Finding Ticketbleed

Ticketbleed (CVE-2016-9244) is a software vulnerability in the TLS stack of certain F5 products that allows a remote attacker to extract up to 31 bytes of uninitialized memory at a time, which can contain any kind of random sensitive information, like in Heartbleed.

If you suspect you might be affected by this vulnerability, you can find details and mitigation instructions at ticketbleed.com (including an online test) or in the F5 K05121675 article.

ticketbleed

In this post we'll talk about how Ticketbleed was found, verified and reported.

JIRA RG-XXX

It all started with a bug report from a customer using Cloudflare Railgun.

rg-listener <> origin requests fail with "local error: unexpected message"

A PCAP of the rg-listener <> origin traffic is attached and shows a TLS alert being triggered during the handshake.

Worth noting the customer is using an F5 Load Balancer in front of the Railgun and the Origin Web Server:
visitor > edge > cache > rg-sender > F5 > rg-listener > F5 > origin web server

Matthew was unable to replicate by using a basic TLS.Dial in Go so this seems tricky so far.
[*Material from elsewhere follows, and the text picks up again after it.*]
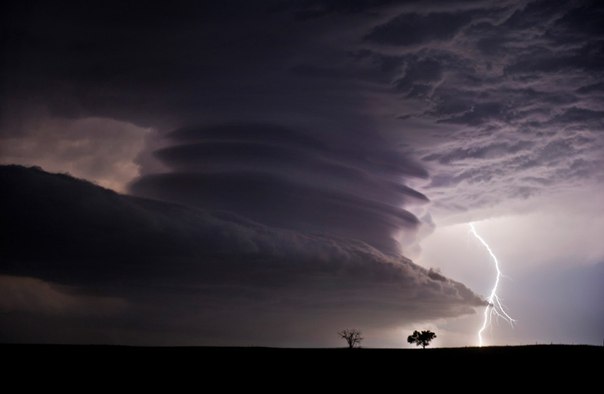 Огромная суперячейка в небе над границей между штатами Небраска и Канзас. Потрясающее природное явление!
A bit of context on Railgun: Railgun speeds up requests between the Cloudflare edge and the origin web site by establishing a permanent optimized connection and performing delta compression on HTTP responses.

railgun

The Railgun connection uses a custom binary protocol over TLS, and the two endpoints are Go programs: one on the Cloudflare edge and one installed on the customer servers. This means that the whole connection goes through the Go TLS stack, crypto/tls.
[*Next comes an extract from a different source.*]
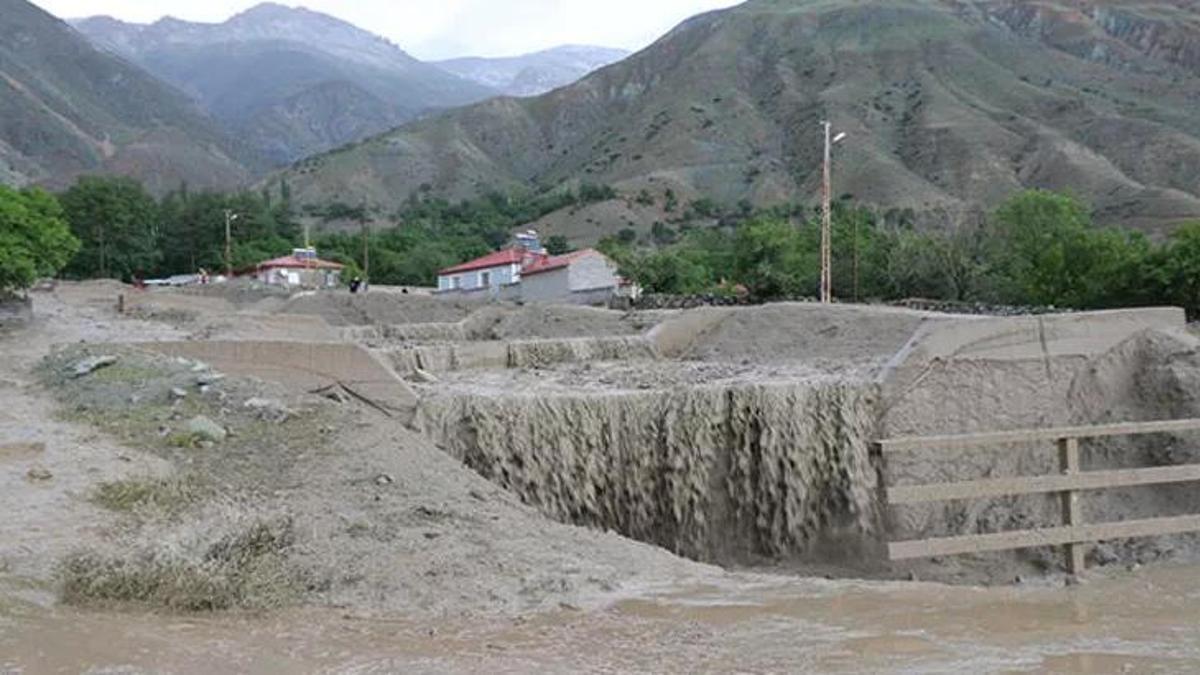 Erzincan'da şiddetli yağış etkili oldu! Kent sular altında kaldı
That connection failing with local error: unexpected message means that the customer’s side of the connection sent something that confused the Go TLS stack of the Railgun running on our side. Since the customer is running an F5 load balancer between their Railgun and ours, this points towards an incompatibility between the Go TLS stack and the F5 one.

However, when my colleague Matthew tried to reproduce the issue by connecting to the load balancer with a simple Go crypto/tls.Dial, it succeeded.

PCAP diving

Since Matthew sits at a desk opposite of mine in the Cloudflare London office, he knew I've been working with the Go TLS stack for our TLS 1.3 implementation. We quickly ended up in a joint debugging session.
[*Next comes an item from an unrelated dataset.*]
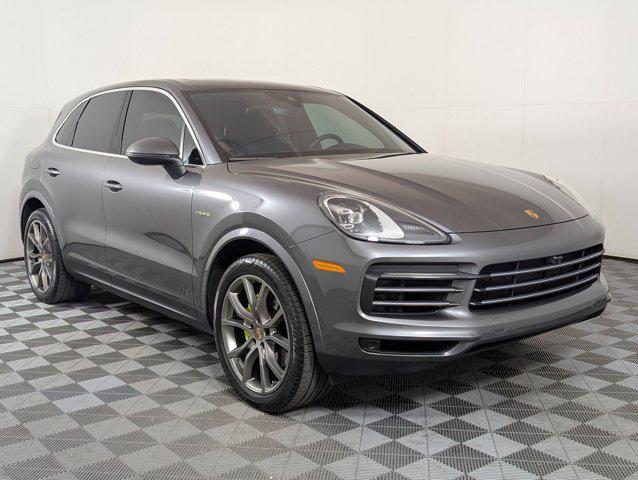 Photo of 2023 Chalk Porsche Cayenne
Here's the PCAP we were staring at.

So, there's the ClientHello, right. The ServerHello, so far so good. And then immediately a ChangeCipherSpec. Oh. Ok.

A ChangeCipherSpec is how TLS 1.2 says "let's switch to encrypted". The only way a ChangeCipherSpec can come this early in a 1.2 handshake, is if session resumption happened.

And indeed, by focusing on the ClientHello we can see that the Railgun client sent a Session Ticket.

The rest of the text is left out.